On January 1, the minimum wage in San Francisco will cross the psychological threshold of $10 an hour. An automatic cost-of-living adjustment built into city law will raise the wage floor 3.2 percent, from its current $9.92 to $10.24. Predictably, employers have been warning that the increase will cost jobs. In fact, a great deal of economic evidence suggests otherwise.
Last March, my CEPR colleague, David Rosnick, and I finished a detailed study of the employment impact of the first three years of the San Francisco minimum wage. Back in early 2004, San Francisco established a city-wide minimum wage of $8.50 –25 percent higher than the $6.75 California state minimum wage at the time and 65 percent higher than the prevailing federal minimum of $5.15.
We analyzed employment patterns in a range of industries with a high share of low-wage workers, including fast food and retail.

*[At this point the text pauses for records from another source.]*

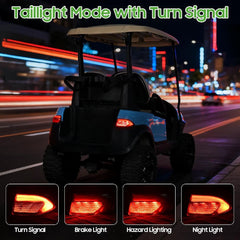 Talight Mode with Turn sional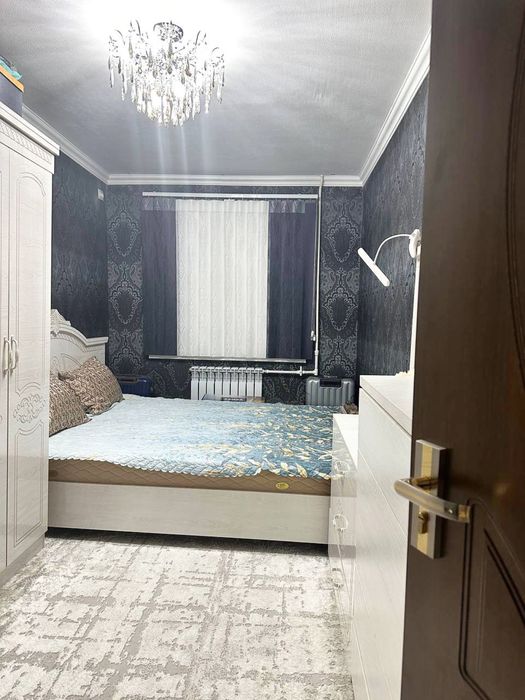 Яшнабод тумани 2 хонали квартира сотилади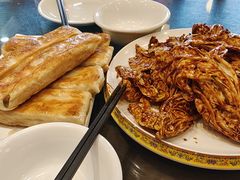 -福荣居褡裢火烧京味家常菜(西四店)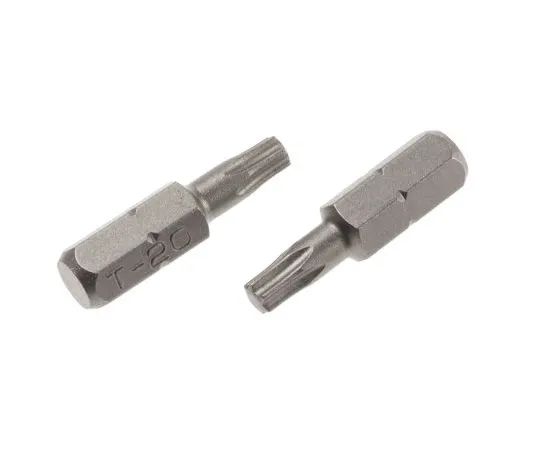 63-6606-08　RS PRO Torx Screwdriver Bit, T20　252-905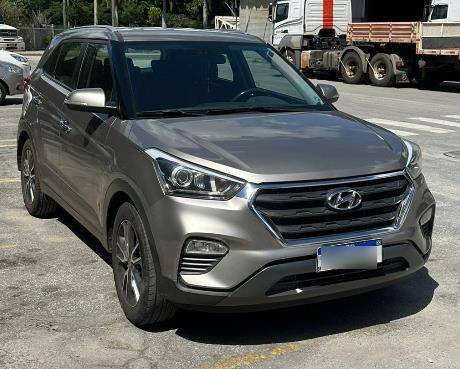 HYUNDAI CRETA 2.0 16V FLEX PRESTIGE AUTOMÁTICO HYUNDAI CRETA 2.0 16V FLEX PRESTIGE AUTOMÁTICO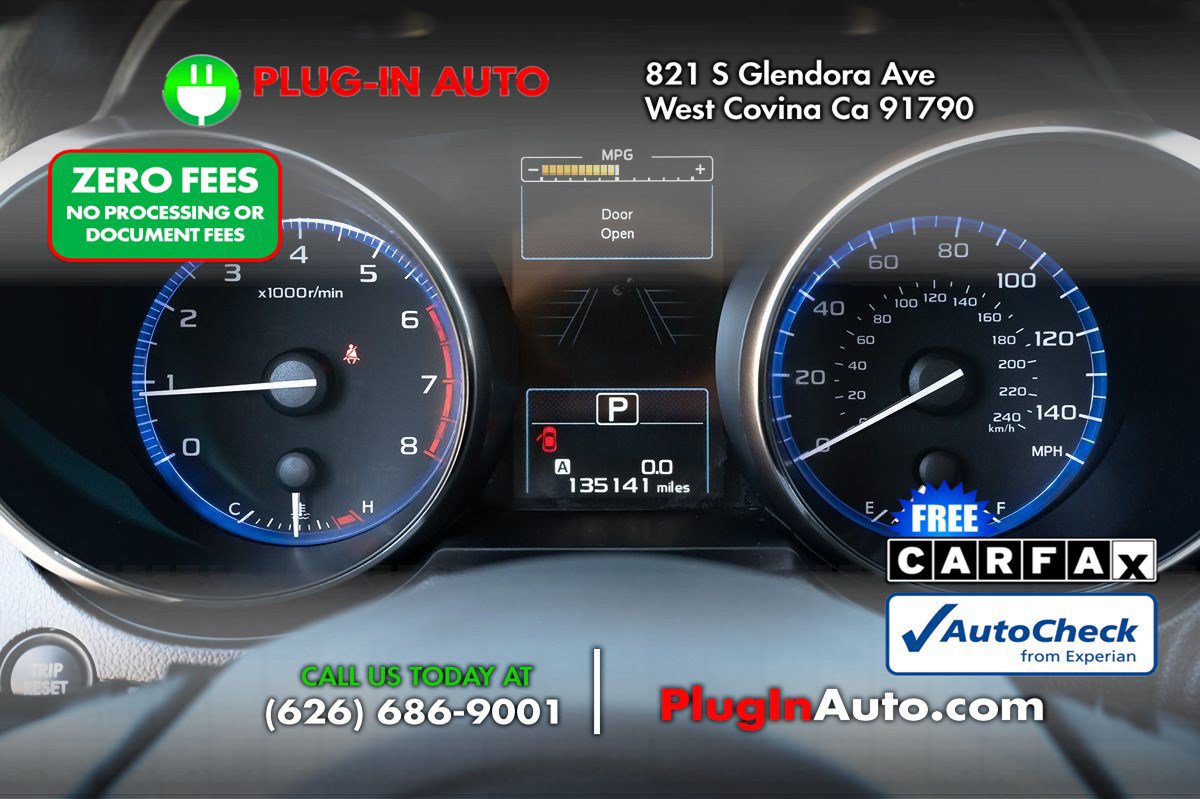 Used 2016 Subaru Outback 2.5i Limited AWD/4WD image 23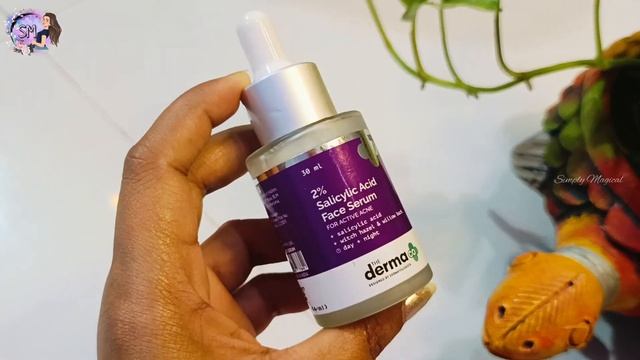 Miracle Serum For Acne 🪄 | salicylic acid 2% serum for acne treatment | derma co salicylic acid смотреть онлайн
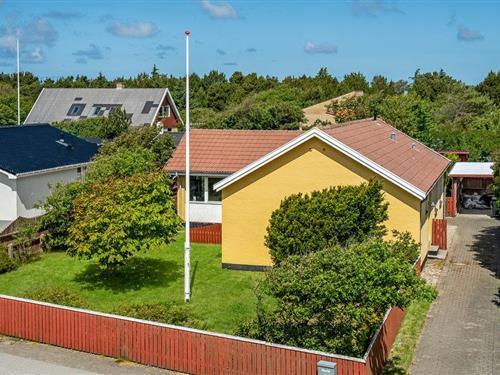 Ferienhaus - 6 Personen -  - Højensvej - Gl. Skagen - 9990 - Skagen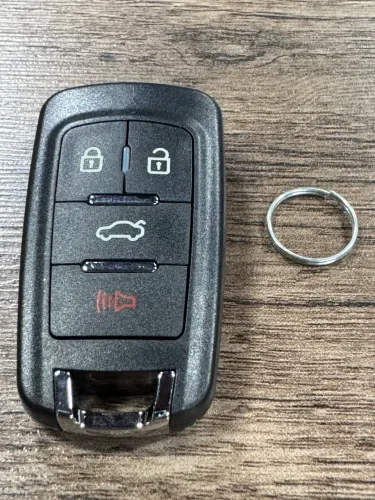Controle novo e original Fks para alarmes automotivo Fks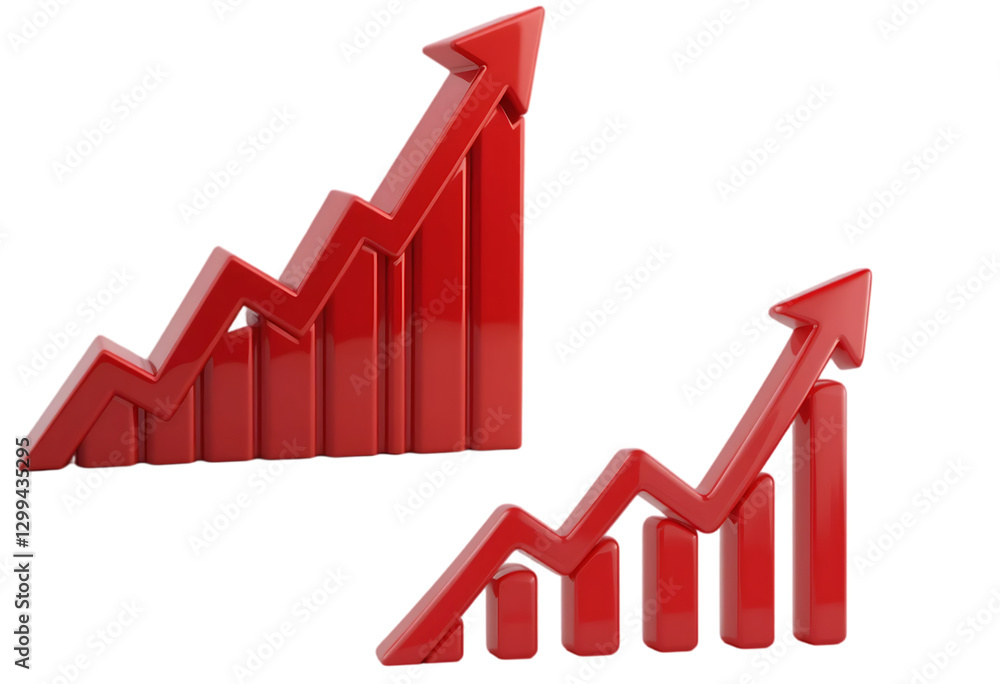 raise, red, arrow, zigzag, graph, grow, business, succeed, success, sale, up, trend, statistic, line, banking, graphic, money, rise, economic, three-dimensional, upward, chart, trend, growth, financia raise, red, arrow, zigzag, graph, grow, business, succeed, success, sale, up, trend, statistic, line, banking, graphic, money, rise, economic, three-dimensional, upward, chart, trend, growth, financia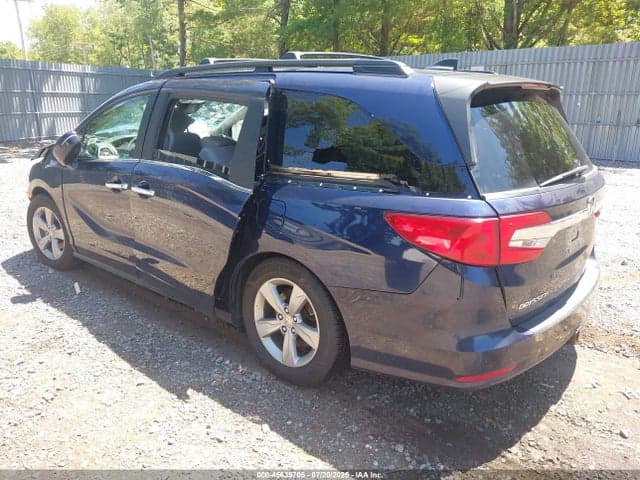 2019 HONDA ODYSSEY EX-L 3
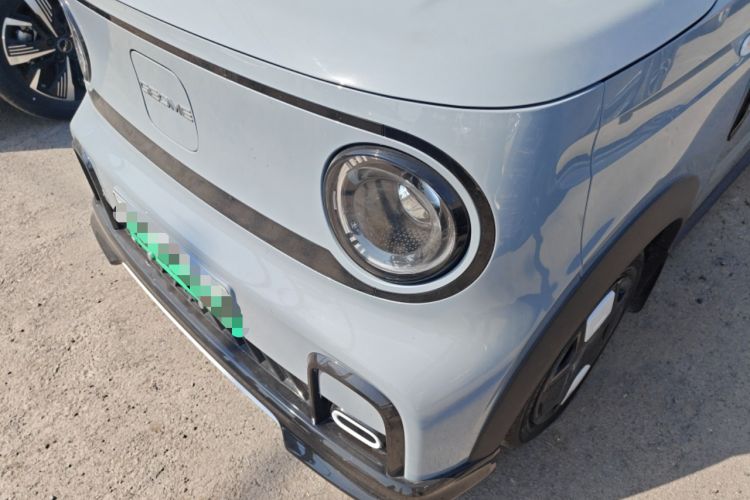 Used Geely Galaxy Panda 2025 210km Panda Kart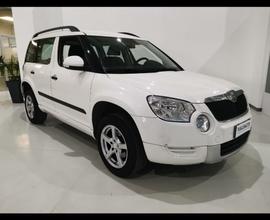 SKODA Yeti 1.2 TSI Adventure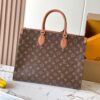 Louis Vuitton This ONTHEGO ORGANIZER handbag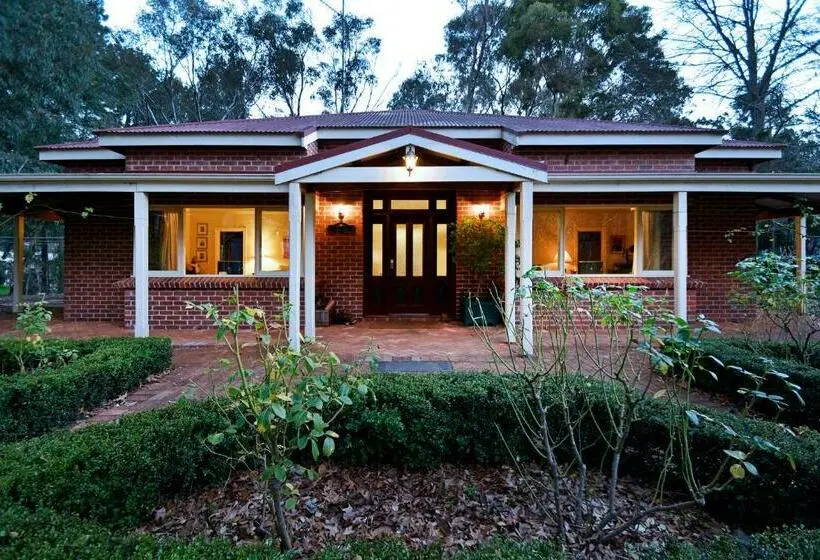 Sviitti, Ford House Bed & Breakfast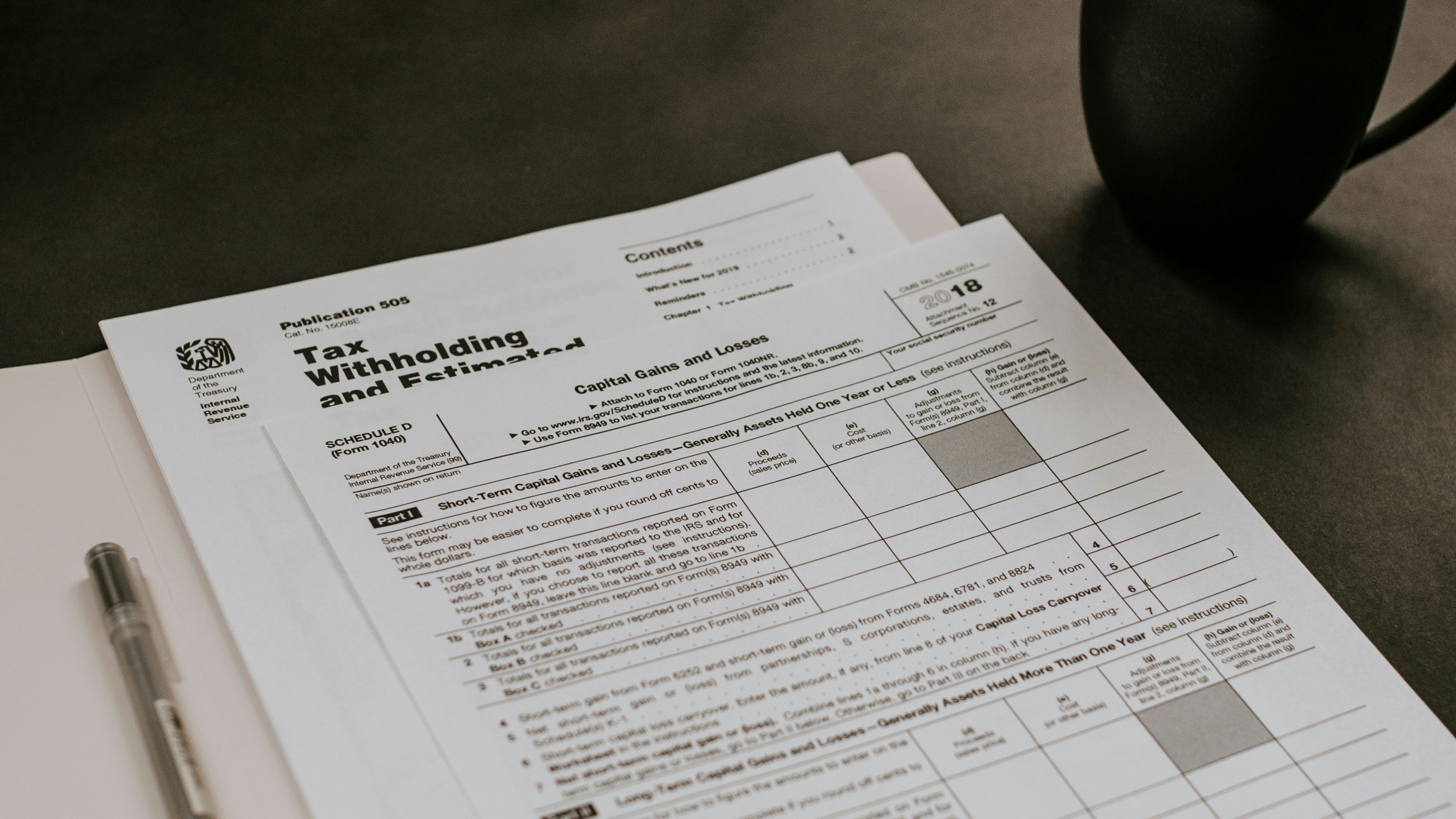 Financials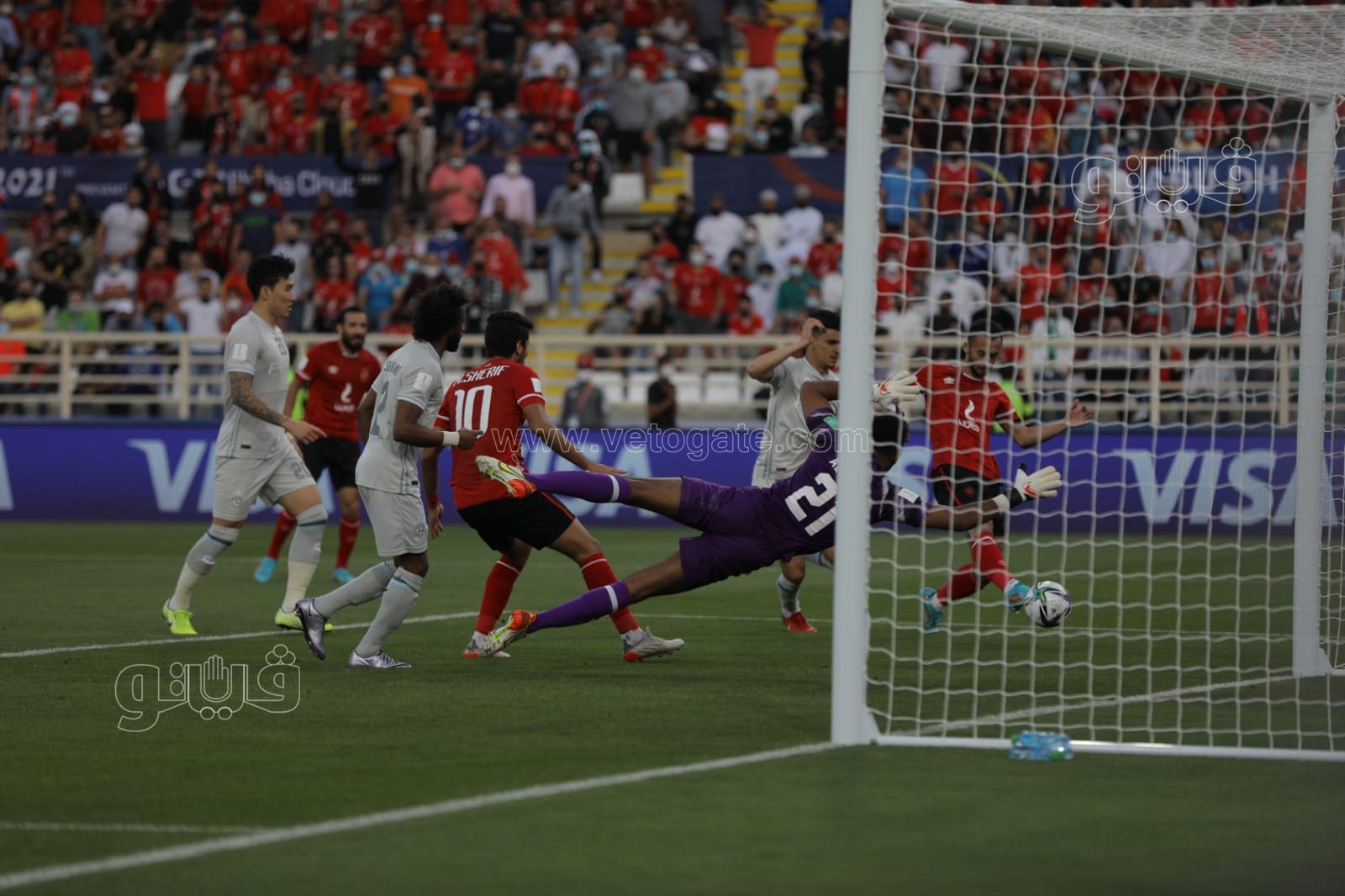 مباراة الاهلي والهلال (9)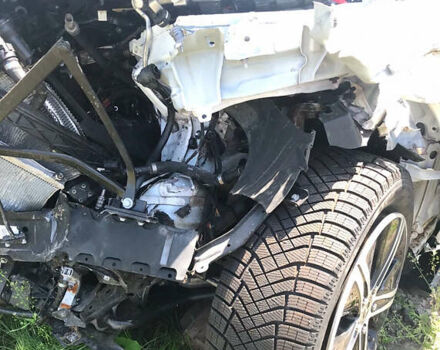 Белый Мерседес ГЛЕ-Класс, объемом двигателя 1.95 л и пробегом 5 тыс. км за 19595 $, фото 3 на Automoto.ua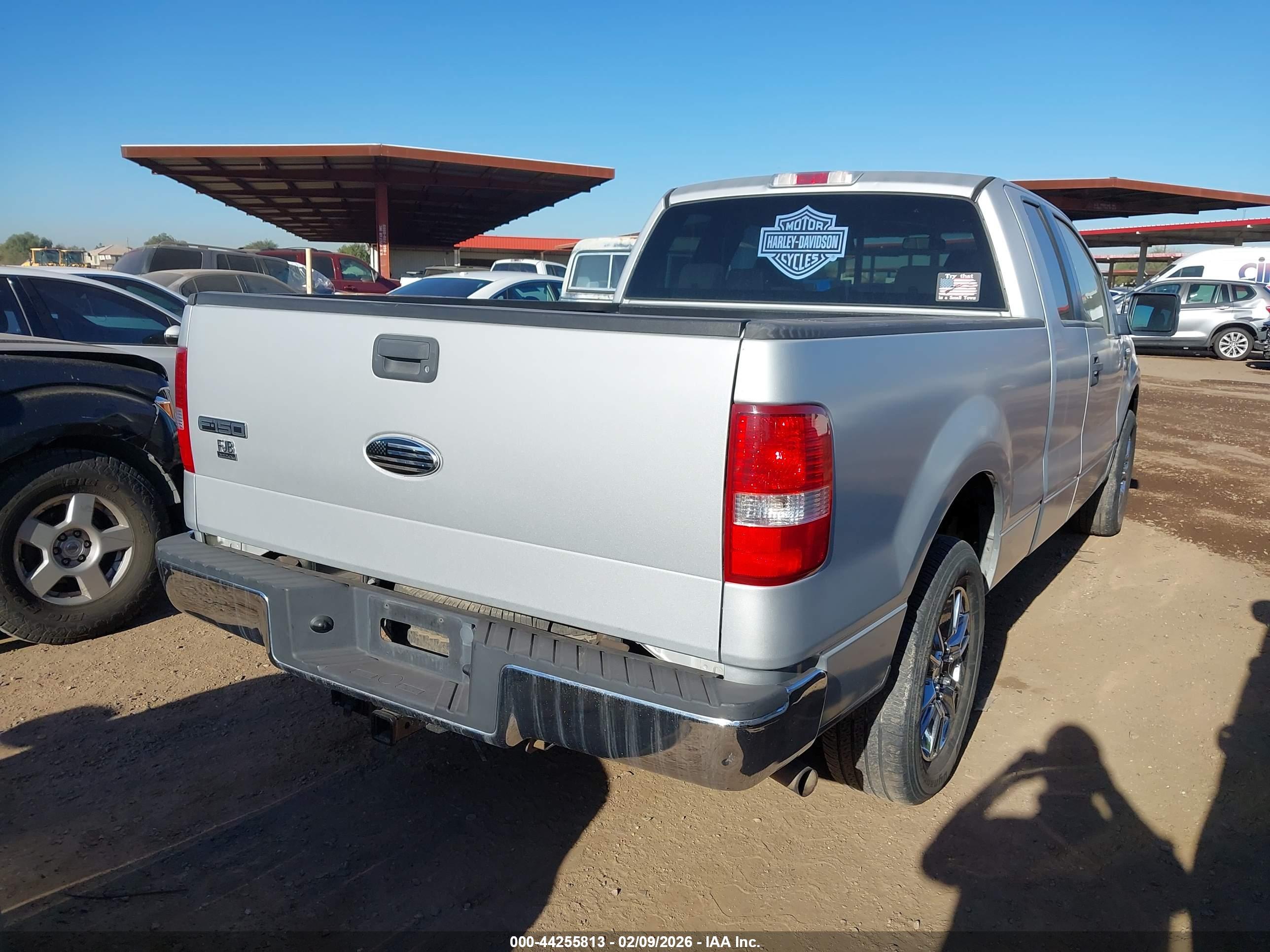 FORD F-150 image 4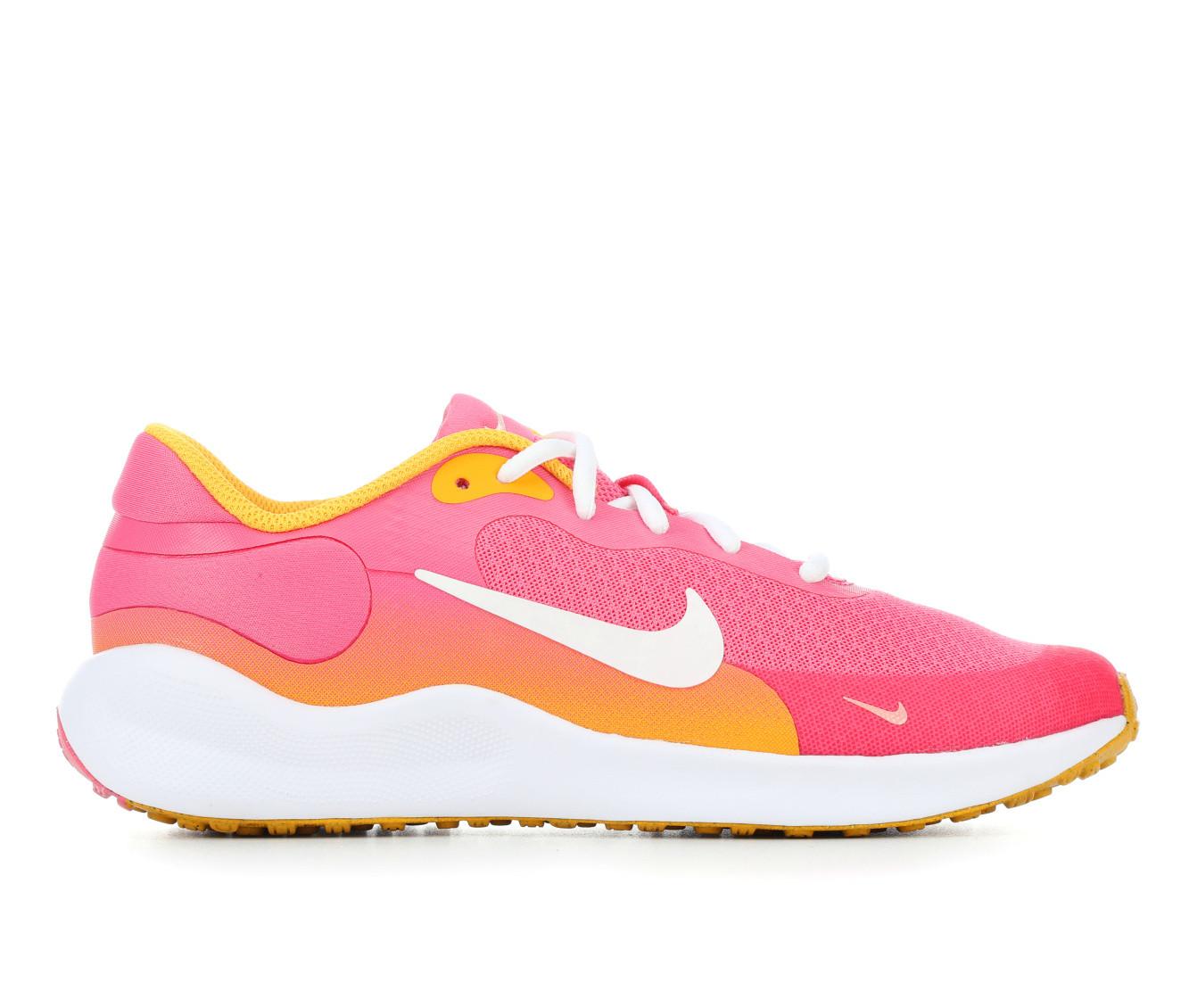Girls' Nike Little Kid & Big Kid Revolution 7 Running Shoes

We compared trends in wages and employment in San Francisco before and after the increase with trends over the same period in San Francisco’s adjacent suburbs and, separately, in nearby Oakland, two areas where the minimum wage was unchanged.
To rule out statistical flukes, we looked at the impact after one year, then two years, then three years. We also examined the impact on low-wage employers, regardless of industry, and we isolated the impact on small employers (fewer than 10 employees and 10 to 24 employees).